Tacloban city administrator Tecson Lim said that the death toll in the city alone “could go up to 10,000.”
Earlier, the Philippine Red Cross told Reuters that based on reports it estimated at least 1,200 were dead in Tacloban, which is located about 360 miles southeast of Manila, and 200 more in Samar Province.
Interior Secretary Max Roxas arrived in Tacloban Saturday and said it was too early to know exactly how many people had died following Typhoon Haiyan, which was heading toward Vietnam and expected to hit the country’s coast Sunday afternoon.
“The rescue operation is ongoing. We expect a very high number of fatalities as well as injured,” Roxas said. “All systems, all vestiges of modern living – communications, power water, all are down. Media is down, so there is no way to communicate with the people in a mass sort of way.”

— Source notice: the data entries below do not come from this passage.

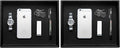 HofferRuffer Faux Leather Vanity Tray, Elegant Desktop Storage Organizer, Decorative Catchall for Perfume, Bathroom Valet, Nightstand or Dresser, Black, 10.2 x 8.4 x 1.8 Inches (Pack of 2)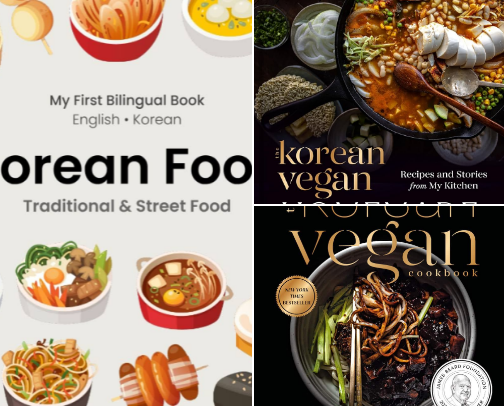 Korean food cover photo collage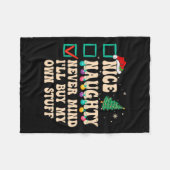 Couverture Polaire Belle coquine, ça ne me dérange pas, je vais achet (Devant (Horizontal))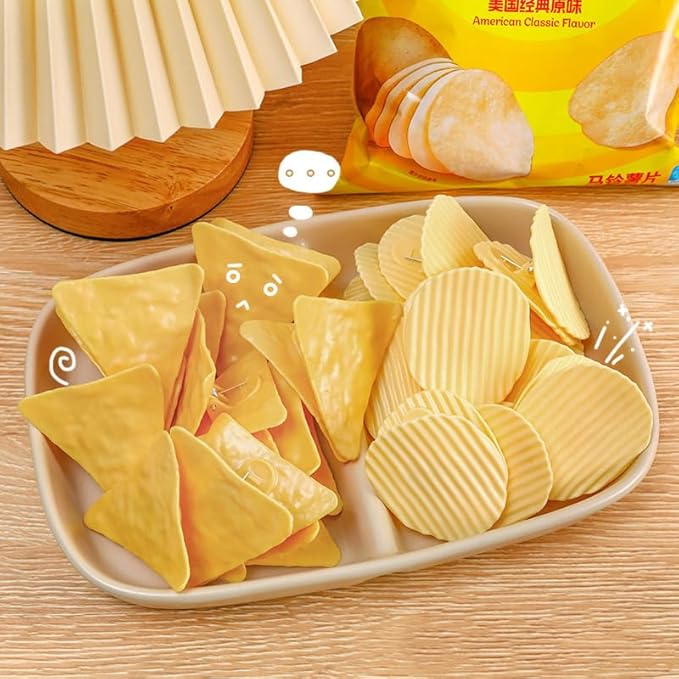 Ximimark 16 pcs Cute Chip Clips, Food Bag Sealer, Food Sealing Clips, Potato Shaped Funny Sealing Clip for Kitchen Food Storage, Plastic Bag Supplies, Fresh-Keeping Clip, Sealing Clip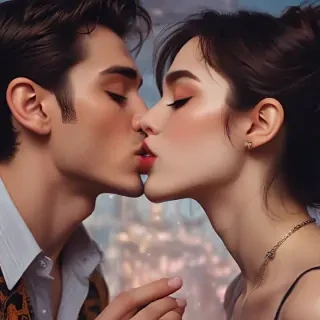 aesthetic kiss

Rescue crews reported difficulty in delivering food and water to affected areas due to damaged roads and fallen trees.
U.S. Secretary of State John Kerry said in a statement that America “stands ready to help,” and the president of the European Commission said a team had been sent to “contribute with urgent relief and assistance.”
“The storm surge came in fairly high and there is significant structural damage and trees blown over,” said U.S. Marine Col. Mike Wylie, who is a member of the U.S.-Philippines Military Assistance Group based in Manila.
At least 138 people were confirmed dead, with at least 118 deaths on the hardest-hit Leyte Island, where Tacloban is located.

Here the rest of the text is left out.